Há já um bom par de anos, conheci A., natural da terra. Tivemos alguns desacordos, na forma de ver as coisas, mas posso dizer que somos bons amigos. Gosta de me contar as suas memórias de nativo e, eu e ele, detemo-nos, por vezes, em lucubrações em volta de assuntos um pouco mais complexos. Ultimamente, tenho-o visto algo desencantado. Dizia-me, há dias: "Já publiquei alguns milhares de páginas sobre temas locais e regionais, e o sentimento que tenho é que ninguém leu uma única", acrescentando "Não falo nos analfabetos, stritu sensu ou funcionais, que os há e muitos, mas em gente, que, até por dever de ofício, deveria ler e informar-se sobre os temas que trato". E rematou: "É uma sensação nova, estranha, porque quando comecei a publicar, há 40 anos, havia mais apreço pelo conhecimento. Agora vejo 'declarações de amor' desmedido a Fontainhas, mas não vejo qualquer prova desse amor".
Creio que o meu amigo A. está a exagerar, pois conheço quem tenha lido muitas dessas páginas, mas acho que ele tem alguma razão, desde logo porque só se ama o que se conhece. Com efeito, a leitura parece arredada, diria cada vez mais, dos hábitos das gentes, a menos que surja sob a forma de "comprimidos". Há quem "escreva" e "leia" nas redes sociais, mas o conteúdo e a forma do fraseado é, frequentemente, lastimável. Claro que, é sabido, nas "redes" encontramos de tudo, não apenas a prosa tosca e deprimente que ofende as nossas sensibilidades.
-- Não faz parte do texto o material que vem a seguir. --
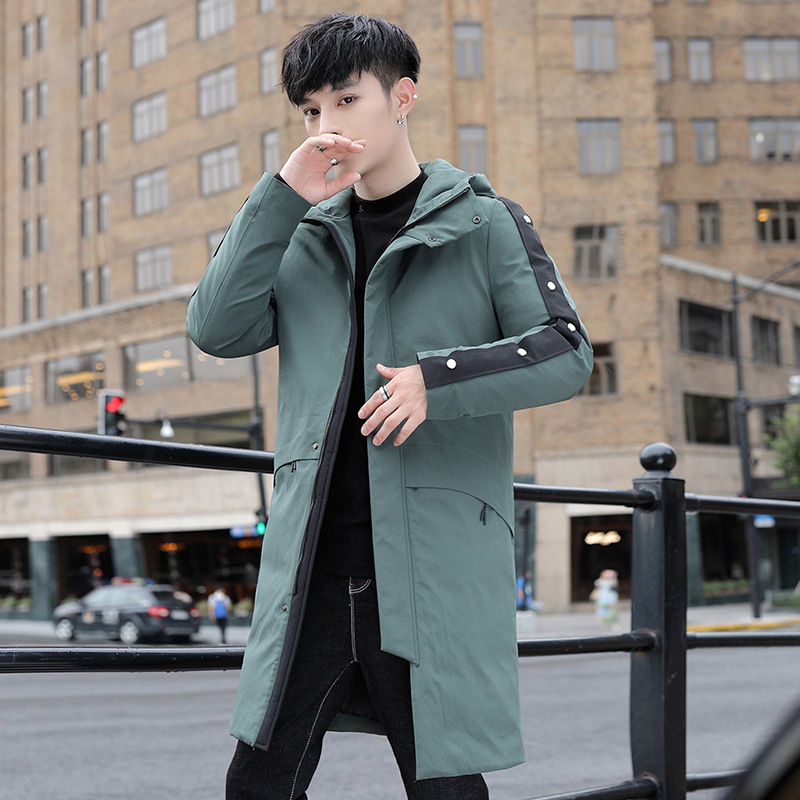 Men's mid-length cotton-padded jacket 2020 Winter new style letter youth color-blocked hooded cotton-padded jacket for men Application Scenario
Percebe-se que vivemos numa sociedade dominada pela imagem, de rápida e fácil assimilação, mas isso não explica tudo, até porque a imagem tem, é bom de ver, o seu lugar na comunicação e, claro, na arte. O maior problema está no menosprezo pelo livro e pela escrita, assumida, em certos círculos, até de forma agressiva, em aparente reflexo do desprezo pelo trabalho intelectual, que se verifica noutras paragens.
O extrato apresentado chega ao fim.